Postby brightncheerful » February 6th, 2019, 2:22 pm

Over the years, I have met and come into regular contact with a vast number of people. I daresay (some of) you have too. I set out to. Partly an active social life, partly indirectly through my writings for my work. If i had to guess the number then I'd think in the thousands.

I am I hope intelligent enough to realise that meeting and regular contact is not the same as friendship. Even so, 'making friends' and 'making new friends' is such a popular pursuit (and pastime) that starting yesterday I make a distinction between 'making friends' and 'making acquaintances'.

Applying the distinction, I realise that I should've started this post with" 'over the years I have met and come into regular contact with a vast number of people who became and continue to become acquaintances. A great many of them for one reason or another have simply passed through, our paths having crossed only for a short period of time.'

Years ago, I recall reading that most people despite having a wide circle of friends have no more than about 5 close friends, the rest are superficial in comparison. I remember totting up the number of my close friends and thinking 5 about right, although at the time only 3 sprang to mind. It was only after talking about that with a friend that that particular friend suggested I probably had more than 5. With hindsight, I might've given that impression but actually i think the number of close friends i had was 1, namely whomsoever I was dating at the time.
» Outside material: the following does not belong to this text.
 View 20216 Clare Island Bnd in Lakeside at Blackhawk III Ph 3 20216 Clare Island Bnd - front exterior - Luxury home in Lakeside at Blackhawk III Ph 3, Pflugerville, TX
Times change? Apart from Mrs Bnc, I can honestly say that I don't have any close friends. i have a few friends whom i see and chat with regularly but our conversation and available time is limited. So it's mostly superficial, shallow, nothing like as deep and meaningful as I would like. Talking with one of the few recently I asked her if she had any friends. Not really she replied, she could do with one or two more but never seems to have the time to find others. I know the feeling. I think if at a workplace you mix and mingle with colleagues regularly you are more likely to be able to cultivate lasting friendships. I think too that if you have a large or close family the ability to make friends despite being family is also an enabler.
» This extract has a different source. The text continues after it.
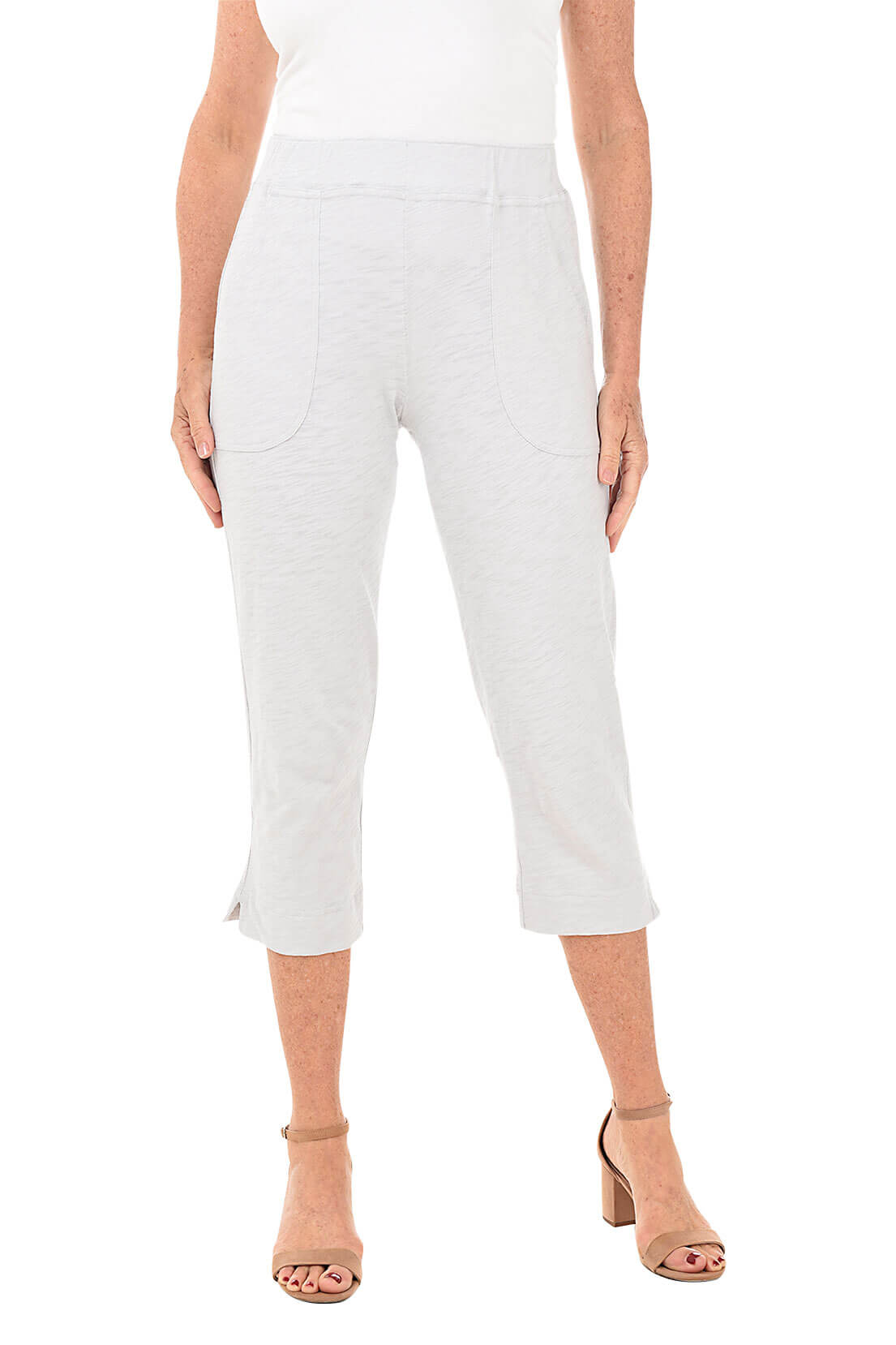 Light grey capri pants worn by a person on a white background- front shot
Mrs Bnc and I measure our social achievements by the number of Christmas cards we receive. Last year, the number we received fell compare with the years before. Mrs Bnc and i concluded that acquaintances only send Christmas cards for the duration of the acquaintance. Of the 30 or so people that I invited to my party for my 60th birthday, I remain friends with only about half a dozen of them. Of the rest a few have died, the others gone their separate ways. If I were to host a party tomorrow then I doubt i could muster more than about 12 that I'd want to invite. which is ok in principle except that I might be hard-pressed to think of a dozen.

Creating friendships out of acquaintances is one thing: creating long-lasting friendships quite another. In a social and personal setting, most of the people I know are much better at making friends than i am. But interestingly most of them don't seem to be as good at maintaining friendships: I overhear them saying they ought to keep in touch with so-and-so but they don't. Just being polite I suppose. For my ability to maintain, I am still friendly with my ex-wife (we split up some 40 years ago), two of my ex-gfs send Clio and I Christmas cards, so do a few people we've had more than acquaintance with over the years continue to send us Christmas cards, with handwritten notes about their news and offspring. Every year, I get a birthday card from and send a birthday card to an acquaintance who shares the same birthdate. But that's about it.

Does it bother me? Not really. In the same way I wonder how some people have the time to commit adultery, so I wonder how people manage their friendships. Perhaps they don't. Maybe it's all a big act, keep up appearances. designed to make them feel important. Or perhaps they're on Facebook. In which case it is understandable they can't spare the time to stop in the street for a chat, because they are too busy with social media.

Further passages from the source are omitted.